There have been many lay-offs and a dearth of employment for quite a few in my circle of friends and family in the last few months. Quite a few hurt feelings and moments of doubt going around. It's happened to me before, and it has always set me thinking and introspecting. This one seems to have struck quite deeply at my personal worth and hope for our world.
I teach at-risk and troubled youth, those called nowadays "fragile; emotionally, socially or scholastically." Really, those who have a need for some special or personal attention in school. My program is off to the north of the main high school, and in attention and funding, has always been somewhat figuratively off to the north of the main school.
I've been very attentive and what I hope has been helpful to the students, the administration and faculty of the high school. Though being naturally introspective and less than gregarious or perfectly confident in my social deportment, I have not been the most energetic or outgoing teacher in the school.
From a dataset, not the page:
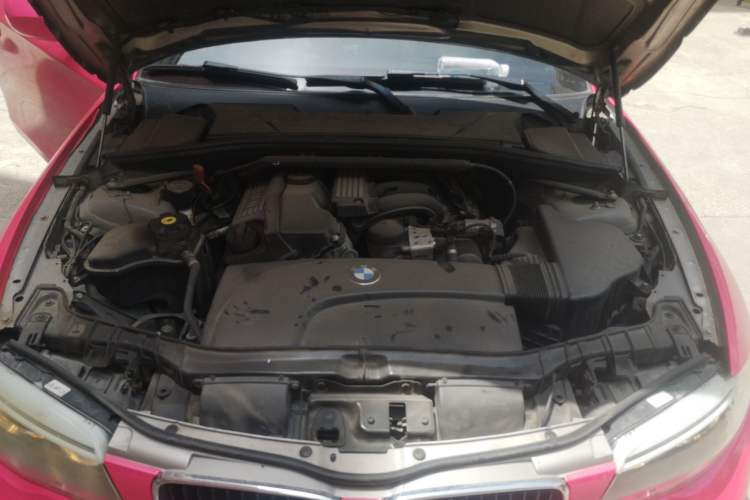 Used BMW 1 Series 2011 120i Convertible Coupe Engine Bay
This is the rub. When one is released from employment, especially one that is seen as a labour of love or service, the released individual feels a personal responsibility, and indeed, fault for the lack of need for the services of that individual. I am haunted by regrets regarding my style of teaching and what I have felt for a while is a lack of inventiveness or energy for the sort of go-get-em activities which might have engendered more visibility or pizazz for our little program. But I have to remember the old "you can only do what you can do" concept. But I feel the pangs of real or irrational regret, nevertheless.
I feel very tired and inconsequential right now.
And there are no jobs here in Sanpete.
But we have always been taken care of, in spite of my shortcomings and weaknesses in the ways of the world, so we will go on with that continued faith.
Our world has been pretty shaken up, and looks to continue so for the foreseeable future. Wish us hope and the blessings that need come.